• [Exercise prompt] Pictures stay out; everything else in the records below is to be repeated exactly.

• [Data excerpts]

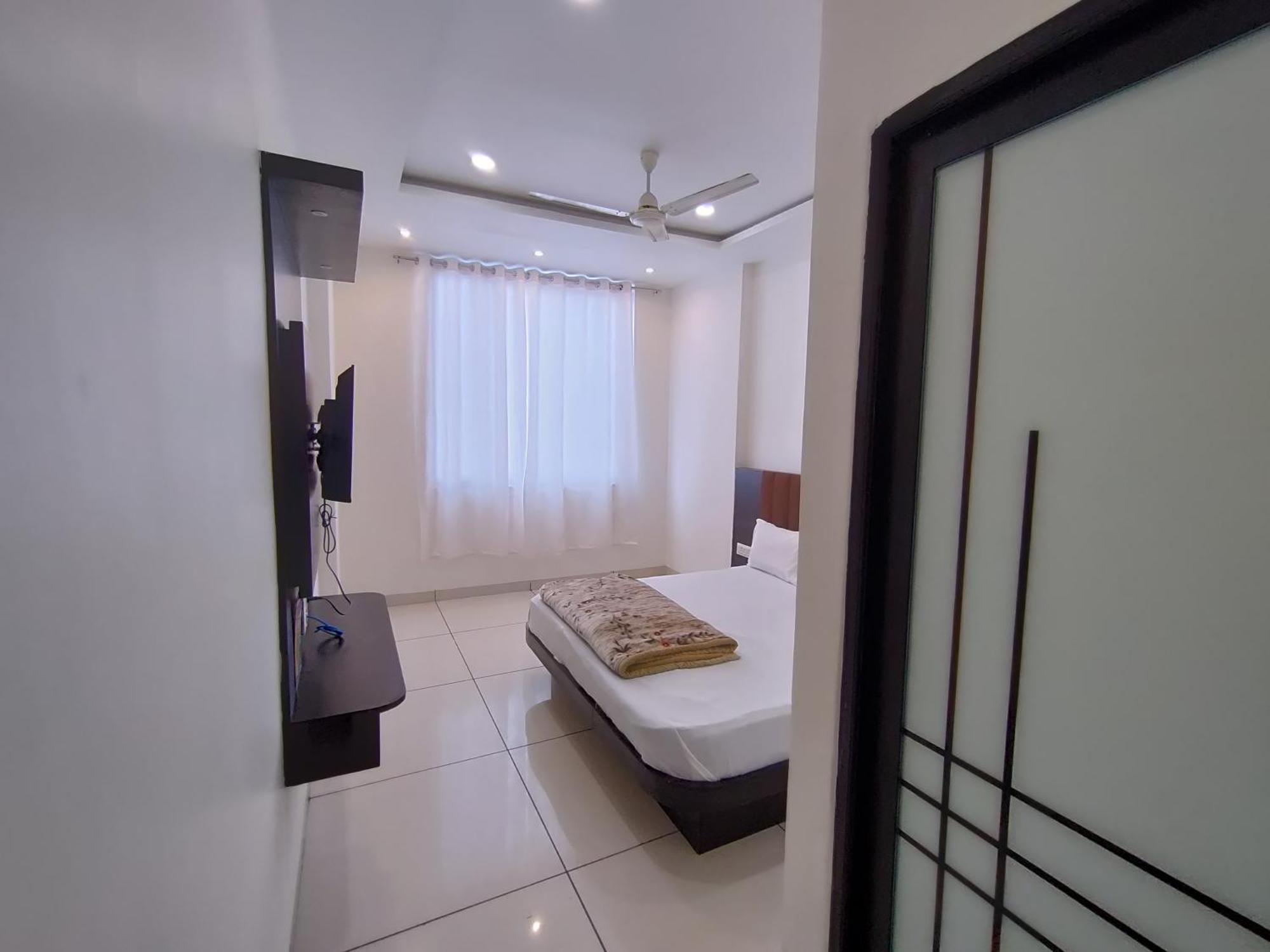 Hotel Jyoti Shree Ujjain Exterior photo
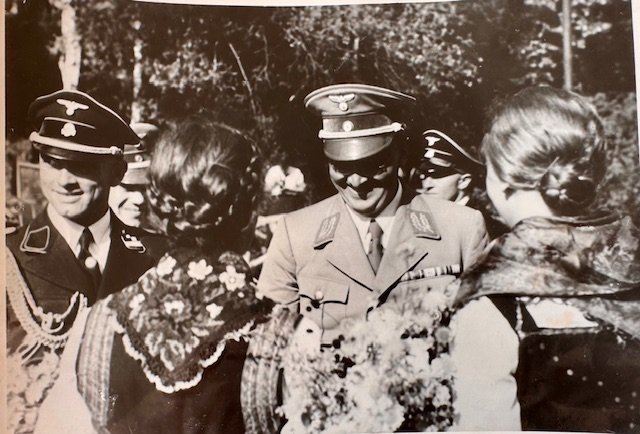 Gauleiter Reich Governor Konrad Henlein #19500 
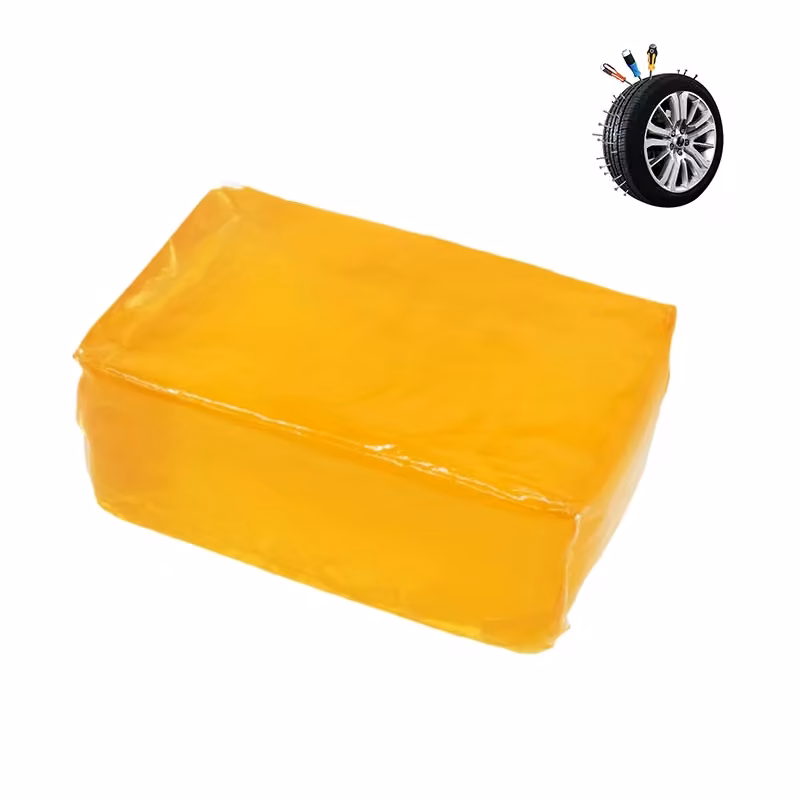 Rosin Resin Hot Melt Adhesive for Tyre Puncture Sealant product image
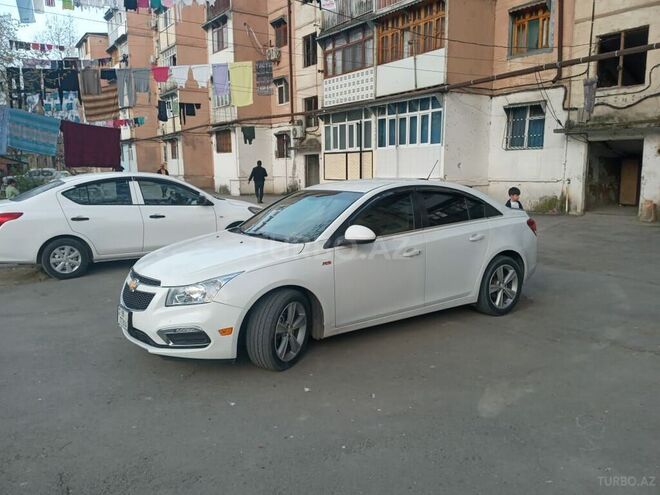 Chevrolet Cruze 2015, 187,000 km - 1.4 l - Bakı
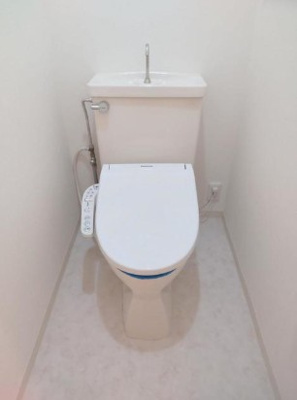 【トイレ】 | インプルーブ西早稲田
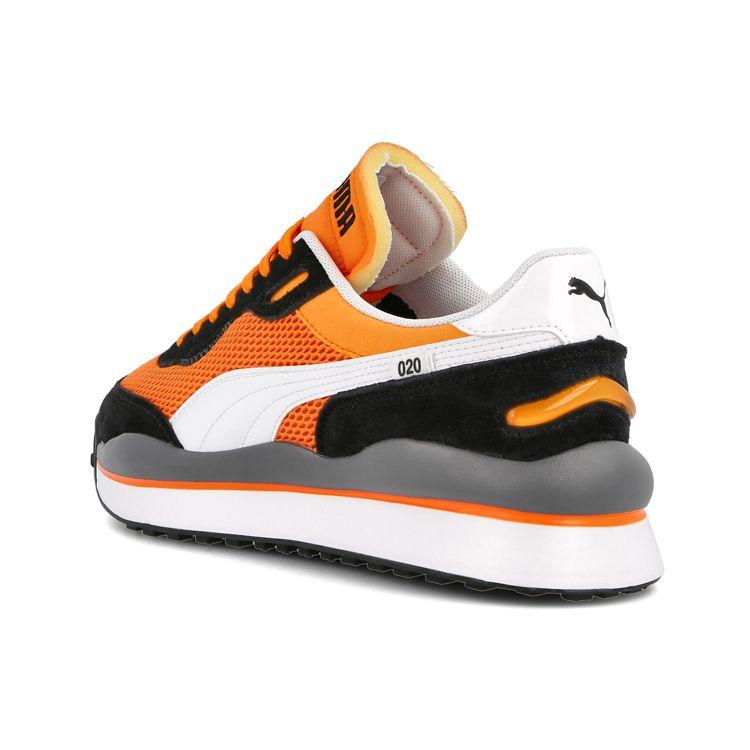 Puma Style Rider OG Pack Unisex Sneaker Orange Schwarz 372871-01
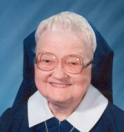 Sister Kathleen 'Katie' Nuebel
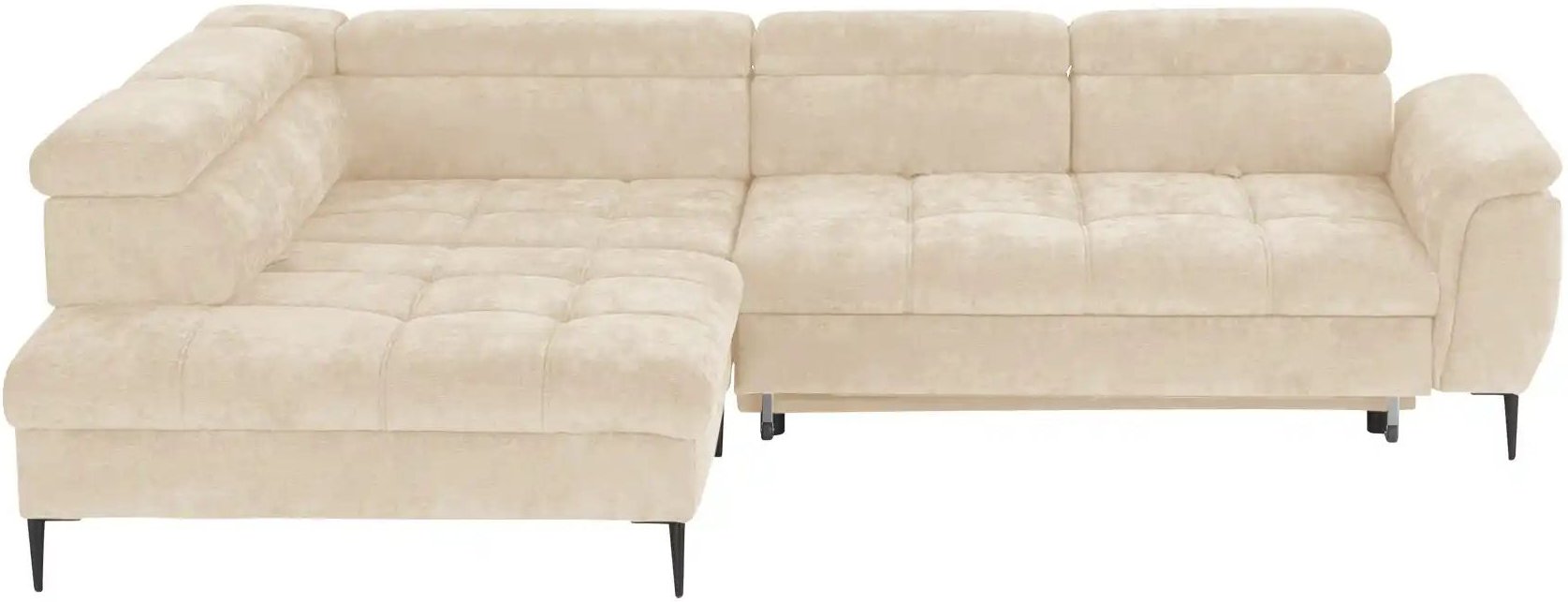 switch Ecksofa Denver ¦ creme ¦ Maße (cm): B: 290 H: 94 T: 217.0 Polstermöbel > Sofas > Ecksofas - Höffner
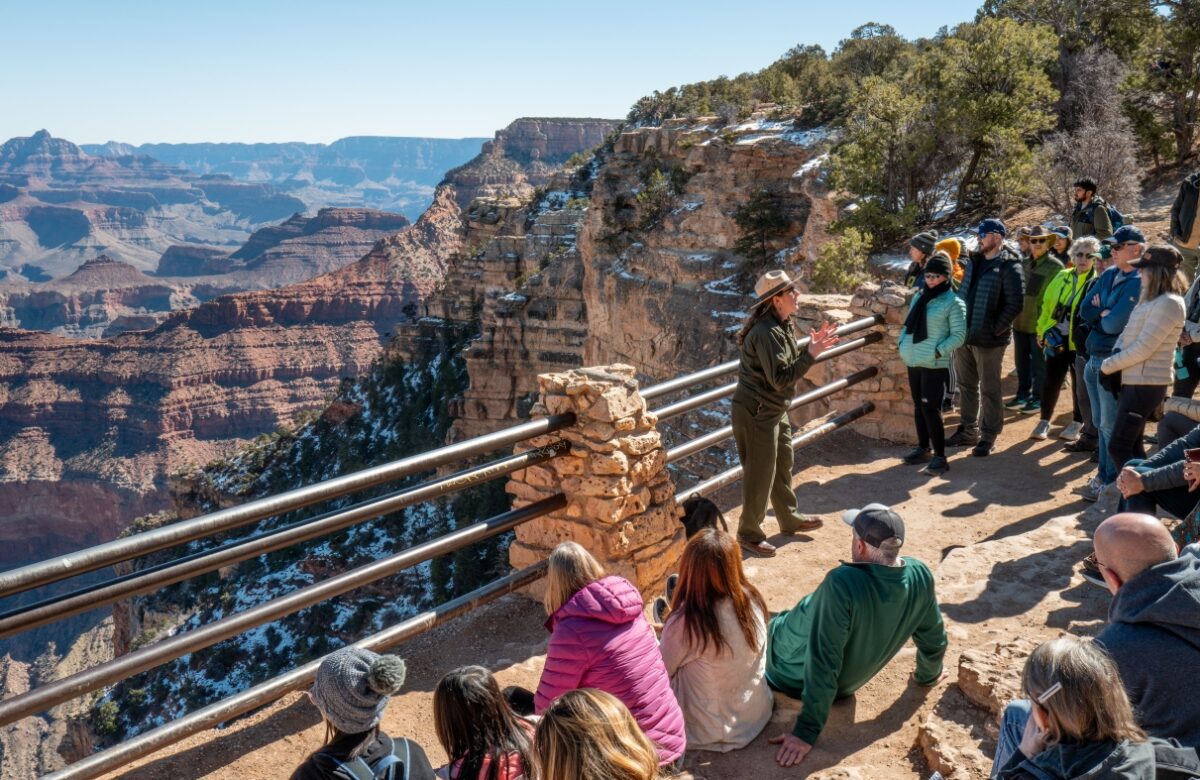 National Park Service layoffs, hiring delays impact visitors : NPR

• [Exercise response]
 Hotel Jyoti Shree Ujjain Exterior photo
 Gauleiter Reich Governor Konrad Henlein #19500 
 Rosin Resin Hot Melt Adhesive for Tyre Puncture Sealant product image
 Chevrolet Cruze 2015, 187,000 km - 1.4 l - Bakı
 【トイレ】 | インプルーブ西早稲田
 Puma Style Rider OG Pack Unisex Sneaker Orange Schwarz 372871-01
 Sister Kathleen 'Katie' Nuebel
 switch Ecksofa Denver ¦ creme ¦ Maße (cm): B: 290 H: 94 T: 217.0 Polstermöbel > Sofas > Ecksofas - Höffner
 National Park Service layoffs, hiring delays impact visitors : NPR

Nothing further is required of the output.